Input for this task:
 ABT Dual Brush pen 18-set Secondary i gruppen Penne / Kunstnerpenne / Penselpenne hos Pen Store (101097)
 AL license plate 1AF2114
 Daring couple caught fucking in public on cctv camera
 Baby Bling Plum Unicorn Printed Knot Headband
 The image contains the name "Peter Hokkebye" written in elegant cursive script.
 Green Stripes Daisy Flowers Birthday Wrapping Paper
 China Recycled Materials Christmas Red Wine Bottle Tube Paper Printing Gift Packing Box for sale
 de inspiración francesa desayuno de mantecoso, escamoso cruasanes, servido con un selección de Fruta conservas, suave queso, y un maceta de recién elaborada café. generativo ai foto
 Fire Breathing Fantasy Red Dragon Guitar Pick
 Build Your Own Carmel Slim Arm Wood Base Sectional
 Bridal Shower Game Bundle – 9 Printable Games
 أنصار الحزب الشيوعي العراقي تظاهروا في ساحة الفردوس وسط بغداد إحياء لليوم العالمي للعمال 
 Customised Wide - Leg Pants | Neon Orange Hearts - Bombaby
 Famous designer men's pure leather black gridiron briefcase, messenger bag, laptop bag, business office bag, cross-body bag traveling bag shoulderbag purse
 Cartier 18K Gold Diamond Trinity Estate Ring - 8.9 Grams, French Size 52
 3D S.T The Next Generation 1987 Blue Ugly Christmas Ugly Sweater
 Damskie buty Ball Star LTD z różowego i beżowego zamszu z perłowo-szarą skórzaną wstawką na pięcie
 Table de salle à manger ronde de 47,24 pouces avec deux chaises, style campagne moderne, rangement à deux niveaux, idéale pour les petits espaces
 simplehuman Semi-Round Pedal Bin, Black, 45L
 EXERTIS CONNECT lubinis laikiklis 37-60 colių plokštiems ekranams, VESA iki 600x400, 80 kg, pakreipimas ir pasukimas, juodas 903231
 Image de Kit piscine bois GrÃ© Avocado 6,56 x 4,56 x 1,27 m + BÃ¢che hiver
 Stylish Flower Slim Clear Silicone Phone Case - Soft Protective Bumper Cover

What is required:
Take from the material above the lines running from the one with "Green Stripes Daisy" through the one with "Bridal Shower Game", and repeat them exactly, with nothing else.

Solved problem:
 Green Stripes Daisy Flowers Birthday Wrapping Paper
 China Recycled Materials Christmas Red Wine Bottle Tube Paper Printing Gift Packing Box for sale
 de inspiración francesa desayuno de mantecoso, escamoso cruasanes, servido con un selección de Fruta conservas, suave queso, y un maceta de recién elaborada café. generativo ai foto
 Fire Breathing Fantasy Red Dragon Guitar Pick
 Build Your Own Carmel Slim Arm Wood Base Sectional
 Bridal Shower Game Bundle – 9 Printable Games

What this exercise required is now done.